Computer, Roboter, künstliche Intelligenz: Forscher der Universität Oxford fürchten, dass rund die Hälfte aller Jobs künftig wegfallen und von Maschinen übernommen werden könnte. Was ist dran an dieser Horrorvision?
Foto: ISAAC LAWRENCE/ AFP

Für einen, dem Wissenschaftler attestieren, ziemlich bald ziemlich überflüssig zu sein, blickt Sebastian Meier* überraschend optimistisch in die Zukunft. Er ist Mitte dreißig, hat ein Kind, Nummer zwei ist unterwegs. Vor zehn Jahren hat er eine Ausbildung bei einem großen Versicherungskonzern gemacht, seitdem arbeitet er in der Kundenberatung, immer für den gleichen Arbeitgeber.

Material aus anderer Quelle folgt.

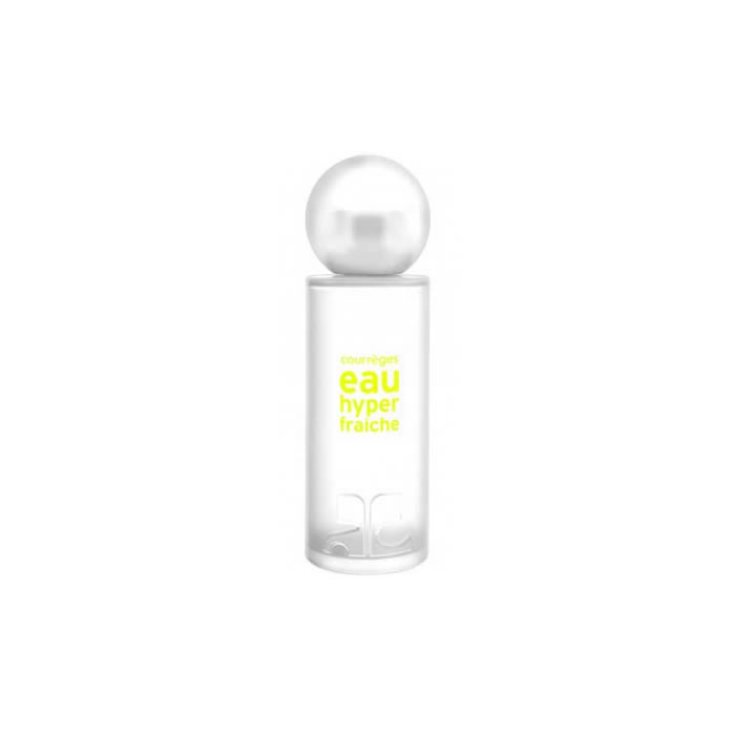 Courreges Eau Hyper Fra&icirc;che Eau De Toilette Spray 90ml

Morgens legt Meier ein Headset an, lauscht den Problemen und dem Unmut von Kunden oder tippt Antworten auf mal mehr, mal weniger pampig verfasste E-Mails. Meier sagt, er denke sich gern in die Lage der Anrufer hinein: Lässt da jemand - womöglich zu Recht - Dampf ab? Hat die Versicherung einen Fehler gemacht? Dann erträgt Meier ein paar Minuten Schimpftirade und bietet einen Kompromiss an. Oder: Der ältere Herr in der Leitung hat gerade seine Frau verloren und ist mit einer Zahlung in Verzug geraten. Meier räumt dem Anrufer mit ein paar Klicks zwei Wochen zusätzlich Zeit ein.

Klar, der Stress ist gestiegen in den vergangenen Jahren: Meier muss heute mehr Gespräche führen, in kürzerer Zeit, mit weniger Kollegen als noch vor ein paar Jahren. Sein Job mache ihm trotzdem noch immer Spaß, sagt er. Er weiß, dass er ein Talent hat im Umgang mit den Kunden. Das ist auch der Grund, warum er gut schlafen kann. Meistens jedenfalls.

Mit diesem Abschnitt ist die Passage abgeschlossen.